François Hollande a annoncé, via la presse régionale, la réorganisation territoriale qui se prépare. Le pouvoir en attend entre 12 et 25 milliards d'euros d'économie.

Quatorze Régions, des intercommunalités d'au moins 20.000 habitants et la disparition programmée des départements à l'horizon de 2020 : le président de la République veut simplifier et clarifier l'organisation territoriale française. Les Régions deviendraient les acteurs majeurs de l'aménagement du territoire.

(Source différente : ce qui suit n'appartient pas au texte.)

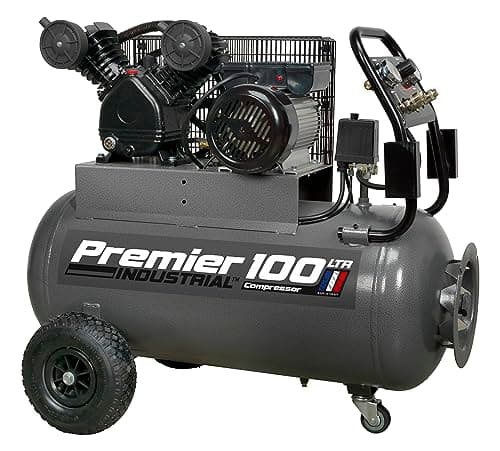 Image of Sealey Sac3103B Compressor 100Ltr Belt Drive 3Hp with Front Control Panel
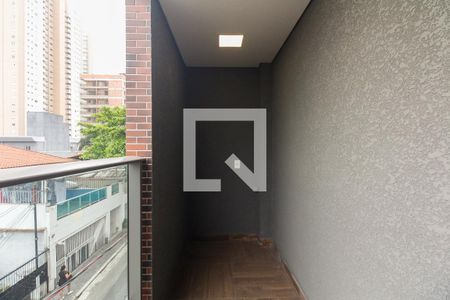 Varanda  de apartamento para alugar com 1 quarto, 53m² em Vila Gomes Cardim, São Paulo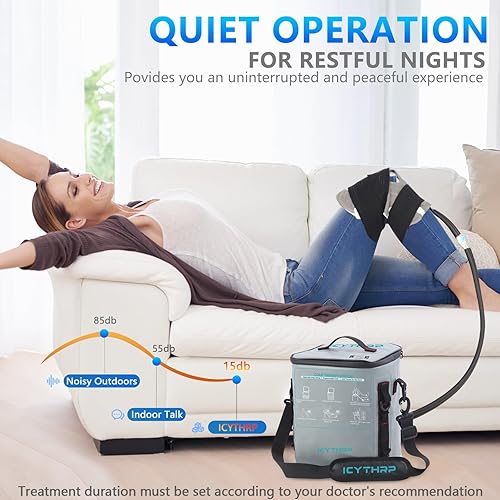 Miniatura 4 de Máquina de terapia de frío con temporizador programable, máquina de hielo portátil para rodilla después de la cirugía, sistema de recuperación de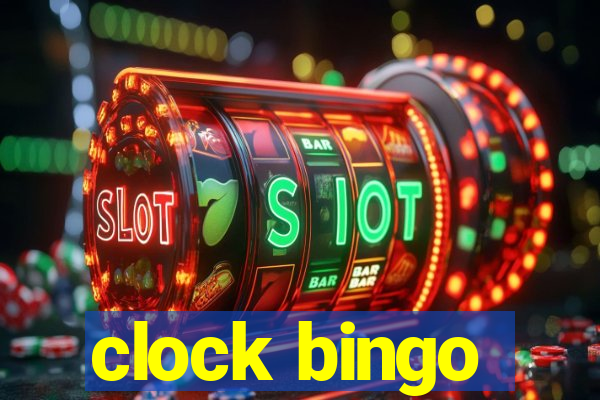 clock bingo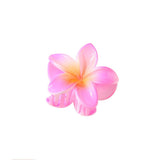 GRADIENT FLOWER HAIR CLAW PLUMERIA BEACH CLIP_CWMM4940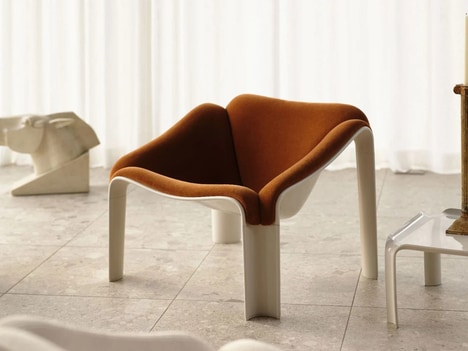 Sculptural Lounge Chairs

Dans un premier temps, aucun département ne pourrait se détacher de sa Région d'origine. Dans un deuxième temps (une autre loi), un département pourra, s'il le souhaite, quitter sa Région. Cette réforme va être débattue au Parlement.

Mais déjà les critiques fusent, en particulier autour du redécoupage des Régions proposé. Il associe Poitou-Charentes, Limousin et Centre mais laisse isolés les Pays de Loire et la Bretagne. La Picardie rejoint la Champagne-Ardenne que certains voyaient associée au Grand Est. Tandis que le Nord-Pas-de-Calais reste isolé.

« Le territoire se vit. Il ne se décrète pas », selon les détracteurs du projet. Est également pointé du doigt le silence sur les moyens dont bénéficieront les Régions dans cette optique d'économies tous azimuts. Seule certitude : les élections cantonales et régionales n'auront pas lieu avant l'automne 2015.

Le projet de loi sera examiné au Conseil des ministres du 18 juin.